Accelerating Technical Insight with Scalable AI for Global Automotive Operations

An Akkodis AWS-powered AI case study showcasing how scalable automation transformed technical drawing analysis for a global automotive manufacturer.

5 minutes

12th of January, 2026

Scalable AI solution for technical drawing analysis in automotive manufacturing

Global automotive manufacturers depend on vast volumes of technical documentation to design, manufacture, and maintain complex vehicle systems. Akkodis partnered with a leading Italian multinational automotive enterprise to deliver a scalable, AI-driven solution that accelerates technical insight, improves measurement accuracy, and enables near real-time access to engineering data worldwide.

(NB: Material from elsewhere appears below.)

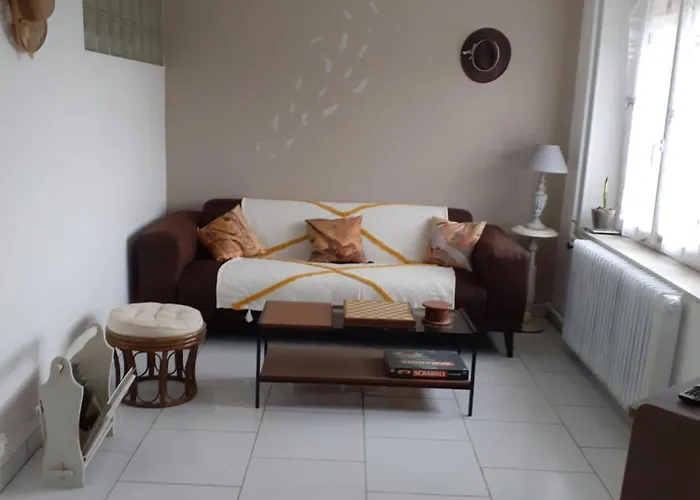 Cent Un... Prázdninový dům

Customer Overview: Global Automotive Engineering at Scale

The customer is a distinguished Italian multinational enterprise specializing in the design, manufacturing, and commercialization of light, medium, and heavy-duty commercial vehicles, including trucks, vans, and buses. Supporting global operations requires precise, consistent interpretation of thousands of technical drawings across multiple revisions.

As the volume and complexity of engineering documentation increased, manual measurement validation became time-intensive and vulnerable to inconsistencies—creating the need for a more intelligent, automated approach.

 

Engineering precision at scale requires automation that can keep pace with global operations.

The Challenge: Extracting Accurate Measurements from Complex Drawings

The primary challenge was to develop an AI agent capable of extracting measurements from a large dataset of technical drawings using concise prompts. Each prompt needed to specify attributes such as the requested measurement, the component, and the referenced model.
In addition, the AI agent was required to:

  • Detect potential measurement inconsistencies across drawing revisions
  • Support multiple concurrent requests from technical users worldwide
  • Operate efficiently on datasets consisting of thousands of drawings
  • Scale automatically to meet fluctuating global demand
Ensuring accuracy, speed, and resilience was critical to supporting engineering teams across regions.

 

Accuracy and scalability were non-negotiable requirements for global engineering teams.

AWS-Powered AI Solution Designed for Scale and Security

Akkodis designed and implemented the solution using Amazon SageMaker AI as an IDE-like development environment. The architecture integrates several AWS services to enable intelligent automation and secure data handling:

  • Amazon Bedrock for large language model (LLM) API calls
  • Amazon Textract and Amazon Rekognition for OCR and visual data extraction
  • Amazon Cognito for secure Single Sign-On (SSO) authentication
  • Amazon S3, DynamoDB, Lambda, and API Gateway for scalable, serverless operations
The solution architecture is fully serverless, preventing persistent storage of model inputs and outputs and ensuring sensitive data is not shared with third-party providers.

 

Serverless architecture ensures scalability while maintaining strict data governance.

Performance, Resilience, and Measurable Impact

The AI-powered pipeline exceeded all customer-defined precision thresholds and reduced response times from minutes to seconds—enabling near real-time delivery of technical measurements.
Key performance metrics included:

  • Request success rate (percentage of responded requests)
  • Accuracy rate (percentage of correctly answered requests)

To ensure operational continuity, workload resilience was achieved through a multi-region AWS deployment, supporting uninterrupted access for global engineering teams.

The project was co-developed with the customer across all phases, following a collaborative R&D model focused on applying novel AI technologies to real-world engineering challenges.

 

Near real-time insights empower faster, more confident engineering decisions.

The Outcome: Intelligent Automation for Technical Documentation

This solution demonstrates how AI can enable organizations that rely on technical documentation—from structured text to complex engineering drawings—to automate management and review workflows.

By improving accuracy, consistency, and maintainability, AI-driven automation supports higher-quality engineering outputs while significantly reducing manual effort. The approach is broadly applicable across industries where precision and scalability are essential.

 

AI transforms technical documentation into a strategic operational asset.